COLABORACIÓN

Fernando Lussón

Periodista


Si sucede, conviene

En la práctica política lo que puede suceder porque la aritmética parlamentaria lo permite acaba sucediendo y, como en la canción de Zenet, Si sucede, conviene. Las conveniencias puden ser múltiples, en unos casos se remitirán al interés general, en otros al interés partidista, algunas más tratarán de agarrarse a la centralidad o a la transversalidad del proyecto, aunque en definitiva todas ellas serán una muestra del bipartidismo imperfecto imperante en la política nacional. La demostración palpable ha sido la formación de los gobiernos autonómicos, en los que si la derecha sumaba ha pactado y en los que los partidos de izquierda han hecho lo mismo en otras tantas comunidades.

Se trata de evitar que el adversario acceda al poder y más si se trata de comunidades emblemáticas, aunque por el camino queden líneas rojas, cordones sanitarios y principios irrenunciables. Siempre habrá algún gesto, alguna maniobra, alguna negociación interpuestas que sirva de coartada para llegar finalmente a la meta que estaba predeterminada, que no se habría alcanzado si los principios no se subordinaran al ejercicio del poder.

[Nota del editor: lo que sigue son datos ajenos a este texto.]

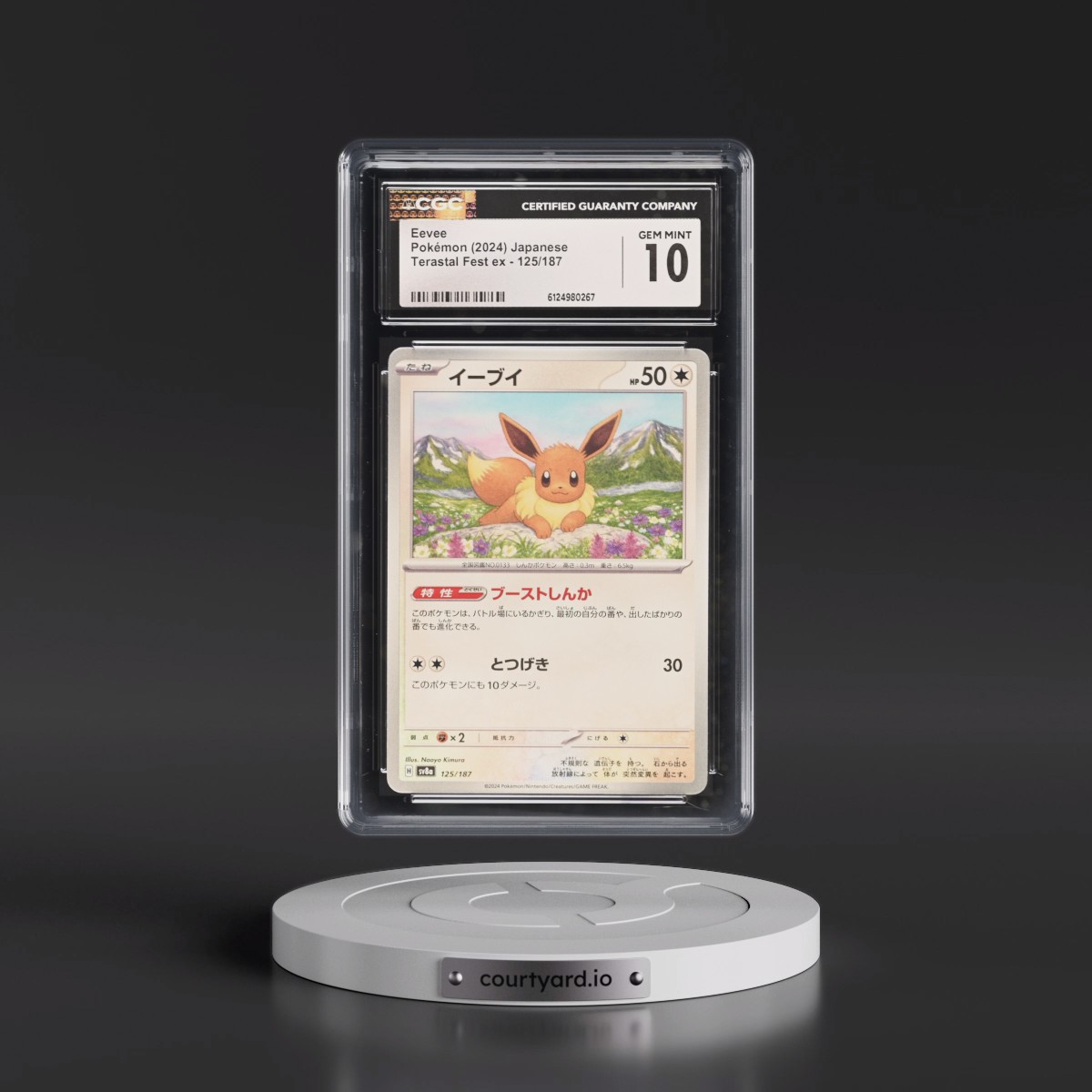 2024 High Class Pack: Terastal Fest ex - sv8a #125/187 Eevee (CGC 10 GEM MINT)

Tanto en Madrid como en Navarra, aunque se encuentran en distintos momentos procesales ha ocurrido lo mismo. No se trata de una traslación mimética de motivos y circunstancias, sino de la constatación de que se ha cumplido lo que podía suceder. Y a todos,menos a los que se quedan en la oposición, les convenía lo que ha sucedido.

Ahora se trata de ver como los cooperadores necesarios para el ejercicio de ese poder se comportan, y como aquellos que van a dirigir los gobiernos demuestran la suficiente habilidad y mano izquierda para no quedar presos de ese puñado de votos minoritarios, que pueden condicionar las políticas que pretenda impulsar la mayoría. Si se escuchan los argumentos de Vox y de EH Bildu sobre su capacidad de influir en los gobiernos de Madrid y Navarra, que ayudarán a conformar con sus votos o su abstención, se comprobará que son intercambiables, que en ambos casos tienen como finalidad influir en la acción de gobierno.

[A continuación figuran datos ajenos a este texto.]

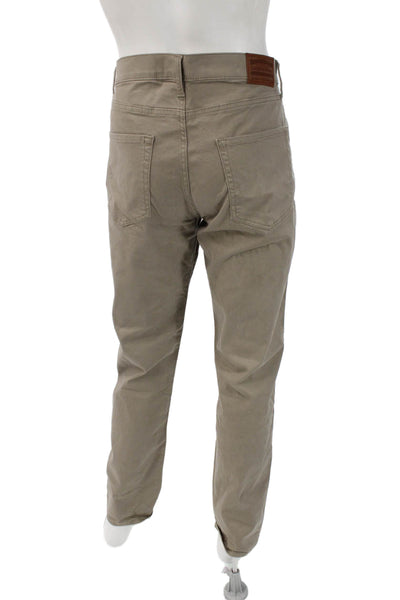 Lucky Brand Mens Beige Chino Khakis 100% Cotton Size 34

La diferencia, sin embargo es que mientras el tripartito de derechas de Madrid tendrá mayoría absoluta, que permitirá gobernar a la popular Isabel Díaz Ayuso con más tranquilidad, María Chivite no va a contar con ella y la oposición, incluida EH Bildu si la tiene. O sea que en ambas comunidades se entra en un proceso de esperar y ver si tanto el PSN en Navarra, como Ciudadanos en Madrid, aguantan la presión que les llegará desde el extrarradio. Pero mientras que a Chivite no se le ha escuchado ninguna concesión a EH Bildu, Ignacio Aguado ha comenzado a dar validez a algunas de las pretensiones de Vox.

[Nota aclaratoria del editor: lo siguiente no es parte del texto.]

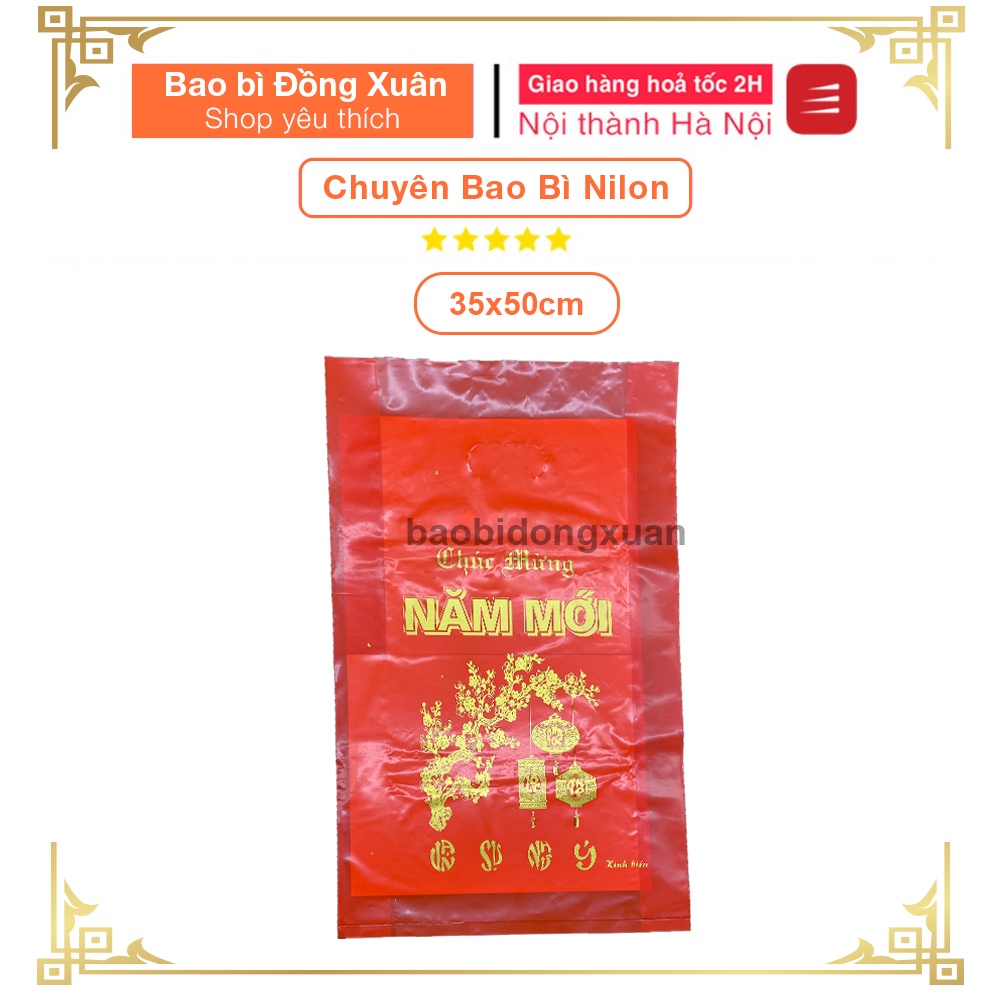 [SIÊU SALE] TÚI NILONG HD PE, Túi in CHÚC MỪNG NĂM MỚI MÀU ĐỎ, TÚI Nilon HD CHÚC TẾT đựng quà, bánh kẹo sang trọng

En cualquier caso los acuerdos no son fáciles de lograr y los alcanzados se han madurado a base de tiempo hasta que la fruta ha caído por su propio peso en el cesto. Esa es la esperanza de la mayoría de los ciudadanos y de los líderes políticos -al menos expresada de boquilla, salvo por Cayetana Álvarez de Toledo- de que no se produzca una repetición de las elecciones generales, lo que solo es posible mediante algún tipo de acuerdo entre PSOE y Unidas Podemos, porque 'o gobierna el PSOE o gobierna el PSOE” (Pedro Sánchez), en cualquiera de las variedades que se elija, con las cesiones que sean pertinentes por ambas partes. Y si conviene, sucede.